Police said 27-year-old Walter Wallace appeared to disregard orders to drop a knife

Riots breakout in Philadelphia after fatal police shooting

Philadelphia police clashed with protesters hours after a Black man armed with a knife was shot and killed by two officers in the western part of the city. At least 30 cops were injured.

The fatal police shooting of a Black man allegedly armed with a knife in the western side of Philadelphia sparked violent protests overnight, with 91 people arrested and 30 officers injured early Tuesday – including one sergeant who was "intentionally run over" by a pick-up truck, officials said.

Hundreds of people took to the streets to protest the Monday afternoon shooting of 27-year-old Walter Wallace Jr., calling it another example of police officers killing a Black man. Demonstrators marched to a city police station while officers lined up behind metal barricades.

 

Police officers move in formation during a protest in response to the police shooting of Walter Wallace Jr., Monday, Oct. 26, 2020, in Philadelphia. (Jessica Griffin/The Philadelphia Inquirer via AP)

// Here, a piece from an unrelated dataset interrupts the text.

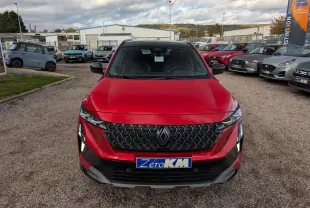 Vue avant d'un Renault Austral rouge métallisé avec calandre noire et feux LED distinctifs sur un parking.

Police officers move in formation during a protest in response to the police shooting of Walter Wallace Jr., Monday, Oct. 26, 2020, in Philadelphia. (Jessica Griffin/The Philadelphia Inquirer via AP)

At least 91 people were arrested over the course of the night, Philadelphia Police Commissioner Danielle Outlaw said during a Tuesday afternoon press conference.

The demonstrations quickly turned violent as some protesters were seen throwing objects at officers while at least one police vehicle was set on fire.

 
 

 

Sharif Proctor lifts his hands up in front of the police line during a protest in response to the police shooting of Walter Wallace Jr., Monday, Oct. 26, 2020, in Philadelphia. (Jessica Griffin/The Philadelphia Inquirer via AP)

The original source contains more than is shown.